About Me

Woman, reader, writer, wife, mother of two sons, sister, daughter, aunt, friend, state university professor, historian, Midwesterner by birth but marooned in the South, Chicago Cubs fan, Anglophile, devotee of Bruce Springsteen and the 10th Doctor Who, lover of chocolate and marzipan, registered Democrat, practicing Christian (must practice--can't quite get the hang of it)--and menopausal.
Names have been changed to protect the teenagers. As if.

Friday, November 4, 2011

Human-Scale

As I mentioned in the last post, I had a family wedding in Atlanta last weekend. My first visit ever to Atlanta, if one doesn't count the airport, which of course one shouldn't. Gah--the idea that folks might mistake O'Hare for Chicago. . . Anyway, I have to say I was distinctly unimpressed. I did expect to be impressed, I really did. I mean Atlanta--home of the New South, an Olympics venue, the place where all the young movers and shakers seem to spend time. But the downtown was so dead, so utterly empty of people except for a few bewildered tourists like us, so lacking in urban edge, that I felt perfectly ok sending my really-not-much-to-be-trusted 16-year-old and his 13-year-old cousin off on their own. They had a great time getting sick after sampling 60 different kinds of Coke at the Coca-Cola Museum. As a result, Hugh is now a passionate wanna-be Atlantean. "We should move here!" he enthused.

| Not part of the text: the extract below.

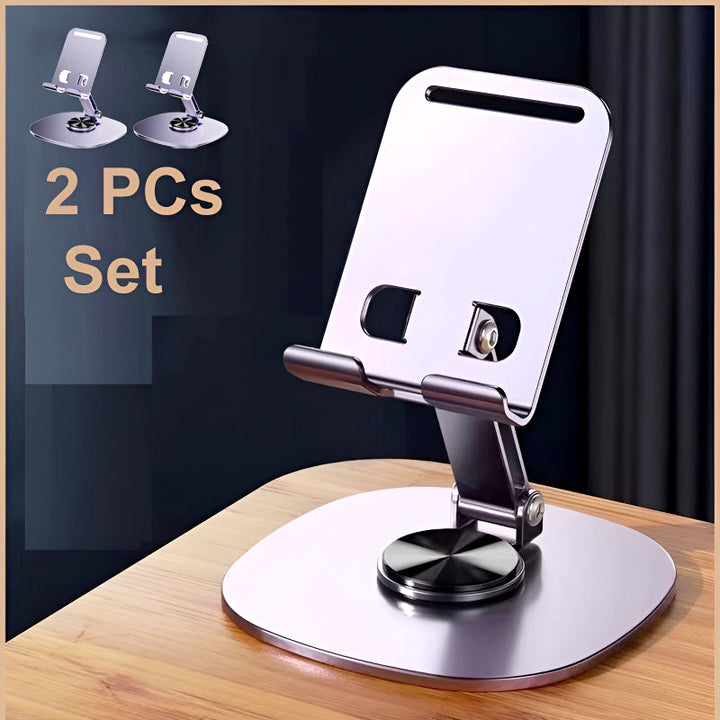 Pack of 2 – K72 Metal Collapsible Telescopic Bracket 360° Rotating Foldable Adjustable Mobile & Tablet Stand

Damn. One more thing dividing me from my son.

We made the mistake of staying in the Westin Peachtree--the highest hotel in the western hemisphere in "an iconic downtown location," according to the website (how weird is that? the hotel isn't "iconic," just the location?), but according to Wikipedia, actually only the second tallest all-hotel building in the western hemisphere. So who do you trust, Westin or Wikipedia? Ah, the dilemmas of life in the internet age. Designed by renowned Atlanta architect John Portman, the Westin Peachtree is the embodiment of modernist alienation and elitism. Now mind you, I love modernist architecture; I'm a Chicagoan, for pete's sake, and any Chicagoan worth her organic seasalt is a fan of modernist architecture--but the thing is, Chicago accustoms you to modernist architecture done well, done right, done with respect for the humans who will inhabit it and the society that will swirl around it. Ah, Mr. Portman. You should have spent more time in Chicago. Your hotel, Mr. Portman, sucks. Excuse the highly technical language there, but it just really sucks. Your hotel makes its guests feel they've just booked a weekend in a parking garage--except most parking garages are far more easy to find one's way around in and, frankly, far more attractive. Your hotel is cold and uncomfortable and dehumanizing and godawful ugly.  It is staffed by fine and friendly people, all of whom wear a look of terror and doom. They know they cannot compensate for the physical ghastliness of the place and that their tips will reflect this fact. But at least they haven't absorbed the hard lines, the unforgiving nature, of all the concrete around them. Still, my tips were miserly. I couldn't help it. Everything around me demanded unkindness, a heart of stone, a heavy boot. Orwell, oh Mr. Portman, what Orwell could have written about your hotel.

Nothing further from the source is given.